8.2 KiB
DetectionOutput
Versioned name: DetectionOutput-8
Category: Object detection
Short description: DetectionOutput performs non-maximum suppression to generate the detection output using information on location and confidence predictions.
Detailed description: Reference. The layer has 3 mandatory inputs: tensor with box logits,
tensor with confidence predictions and tensor with box coordinates (proposals). It can have 2 additional inputs with additional confidence
predictions and box coordinates described in the article. The output tensor contains information
about filtered detections described with 7 element tuples: [batch_id, class_id, confidence, x_1, y_1, x_2, y_2]. The first tuple
with batch_id equal to -1 means end of output.
At each feature map cell, DetectionOutput predicts the offsets relative to the default box shapes in the cell, as well as the per-class scores that indicate the presence of a class instance in each of those boxes. Specifically, for each box out of k at a given location, DetectionOutput computes class scores and the four offsets relative to the original default box shape. This results in a total of \f$(c + 4)k\f$ filters that are applied around each location in the feature map, yielding \f$(c + 4)kmn\f$ outputs for a m * n feature map.
Attributes:
NOTE: num_classes, a number of classes attribute, presents in DetectionOutput_1 has been removed.
It can be computed as cls_pred_shape[-1] // num_prior_boxes where cls_pred_shape and num_prior_boxes are class predictions tensor shape and
a number of prior boxes.
-
background_label_id
- Description: background label id. If there is no background class, set it to -1.
- Range of values: integer values
- Type: int
- Default value: 0
- Required: no
-
top_k
- Description: maximum number of results to be kept per batch after NMS step. -1 means keeping all bounding boxes.
- Range of values: integer values
- Type: int
- Default value: -1
- Required: no
-
variance_encoded_in_target
- Description: variance_encoded_in_target is a flag that denotes if variance is encoded in target. If flag is false then it is necessary to adjust the predicted offset accordingly.

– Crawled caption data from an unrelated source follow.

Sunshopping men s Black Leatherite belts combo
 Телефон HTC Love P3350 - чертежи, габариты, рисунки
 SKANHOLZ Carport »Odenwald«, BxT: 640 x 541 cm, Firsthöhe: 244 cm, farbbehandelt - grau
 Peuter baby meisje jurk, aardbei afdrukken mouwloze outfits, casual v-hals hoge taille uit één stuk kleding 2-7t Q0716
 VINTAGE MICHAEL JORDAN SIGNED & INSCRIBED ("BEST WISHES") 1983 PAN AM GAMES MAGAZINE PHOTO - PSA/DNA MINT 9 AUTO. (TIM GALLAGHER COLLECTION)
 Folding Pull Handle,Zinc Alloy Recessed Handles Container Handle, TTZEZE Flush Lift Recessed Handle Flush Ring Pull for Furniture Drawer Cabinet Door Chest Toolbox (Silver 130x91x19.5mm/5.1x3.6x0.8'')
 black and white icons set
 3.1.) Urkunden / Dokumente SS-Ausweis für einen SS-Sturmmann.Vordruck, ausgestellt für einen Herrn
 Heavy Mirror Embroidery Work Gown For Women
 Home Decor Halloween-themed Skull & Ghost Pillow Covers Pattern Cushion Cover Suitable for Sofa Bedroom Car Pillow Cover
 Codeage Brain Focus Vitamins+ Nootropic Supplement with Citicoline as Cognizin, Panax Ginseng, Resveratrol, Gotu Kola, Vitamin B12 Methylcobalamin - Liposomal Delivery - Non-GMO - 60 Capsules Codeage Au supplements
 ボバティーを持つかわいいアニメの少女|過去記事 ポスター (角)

- Range of values: false or true
- Type: boolean
- Default value: false
- Required: no
-
keep_top_k
- Description: maximum number of bounding boxes per batch to be kept after NMS step. -1 means keeping all bounding boxes after NMS step.
- Range of values: integer values
- Type: int[]
- Required: yes
-
code_type
- Description: type of coding method for bounding boxes
- Range of values: "caffe.PriorBoxParameter.CENTER_SIZE", "caffe.PriorBoxParameter.CORNER"
- Type: string
- Default value: "caffe.PriorBoxParameter.CORNER"
- Required: no
-
share_location
- Description: share_location is a flag that denotes if bounding boxes are shared among different classes.
- Range of values: false or true
- Type: boolean
- Default value: true
- Required: no
-
nms_threshold
- Description: threshold to be used in the NMS stage
- Range of values: floating-point values
- Type: float
- Required: yes
-
confidence_threshold
- Description: only consider detections whose confidences are larger than a threshold. If not provided, consider all boxes.
- Range of values: floating-point values
- Type: float
- Default value: 0
- Required: no
-
clip_after_nms
- Description: clip_after_nms flag that denotes whether to perform clip bounding boxes after non-maximum suppression or not.
- Range of values: false or true
- Type: boolean
- Default value: false
- Required: no
-
clip_before_nms
- Description: clip_before_nms flag that denotes whether to perform clip bounding boxes before non-maximum suppression or not.
- Range of values: false or true
- Type: boolean
- Default value: false
- Required: no
-
decrease_label_id
- Description: decrease_label_id flag that denotes how to perform NMS.
- Range of values:
- false - perform NMS like in Caffe.
- true - perform NMS like in Apache MxNet.
- Type: boolean
- Default value: false
- Required: no
-
normalized
- Description: normalized flag that denotes whether input tensor with proposal boxes is normalized. If tensor is not normalized then input_height and input_width attributes are used to normalize box coordinates.
- Range of values: false or true
- Type: boolean
- Default value: false
- Required: no
-
input_height (input_width)
- Description: input image height (width). If the normalized is 1 then these attributes are not used.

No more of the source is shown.